Dalam kesempatan itu, KDM juga berkelakar. Ia menyoroti ucapan yang dilontarkan oleh Silvi terkait meresahkan kondisi jalan itu sudah rusak sejak pertama kali menikah hingga bercerai.
"Kenapa juga atuh harus berpisah segala? Ikutan aku aja," canda KDM.
Sementara, Bupati Cianjur, Mohammad Wahyu Ferdian juga telah menanggapi keluhan tersebut. Ia dan Pemkab Cianjur langsung meninjau lokasi jalan rusak, khususnya di Jalan Kandang Sapi-Tanjung Sari, Kecamatan Karangtengah pada Jumat, 3 April 2026.

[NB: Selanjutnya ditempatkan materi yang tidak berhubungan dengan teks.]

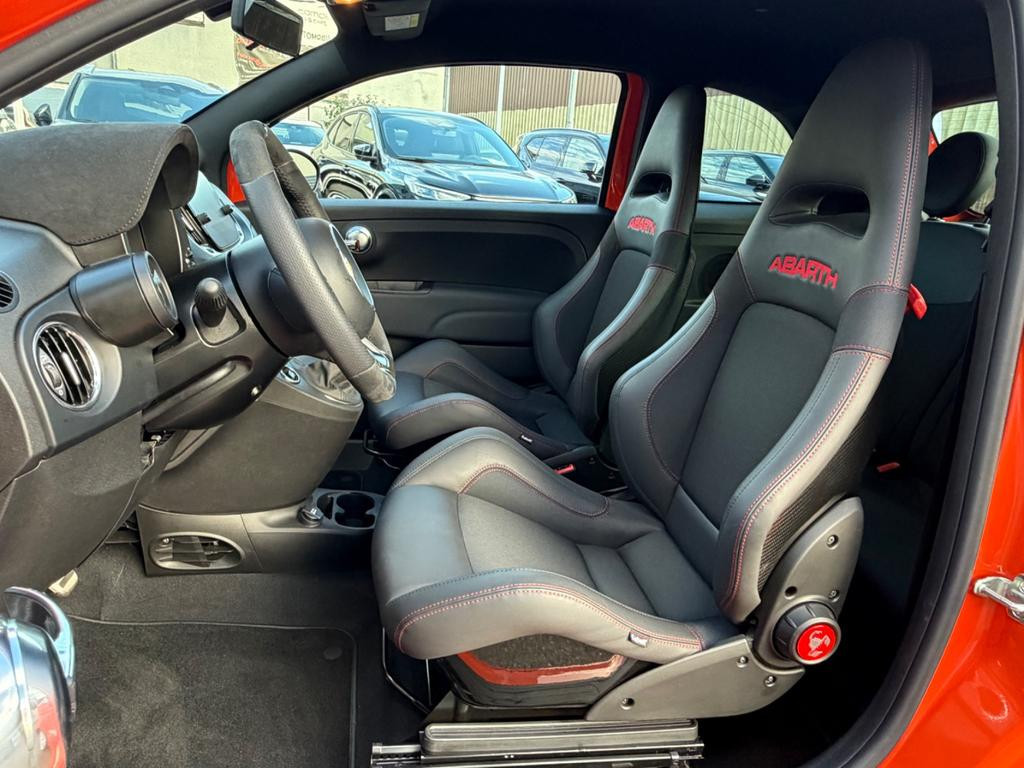 Abarth 695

Dalam peninjauan itu, Wahyu langsung memberikan instruksi kepada pihak yang berwenang. Tujuannya untuk segera melakukan perbaikan jalan agar infrastruktur jalan di kawasan Leles kembali mulus.
"Pak Kadis, ini untuk yang di Karangtengah, ada rehabilitasi jalan kan ya? Ini jalan direhabilitasi minggu depan. Tolong dibuatkan sodetan (jalan air) aja ini," ucap Wahyu.
Ia berpendapat penyebab jalan tersebut rusak. Hal itu diduga akibat penutupan saluran air dilakukan oleh pihak developer yang tidak bertanggung jawab.
Menurutnya, penutupan itu mengakibatkan adanya genangan air. Genangan itulah mengikis badan jalan.
Dalam hal ini, Bupati Wahyu memperintahkan agar ada perbaikan dan rehabilitasi jalan. Minimal membuat sodetan ke selokan agar tidak terjadi adanya genangan air.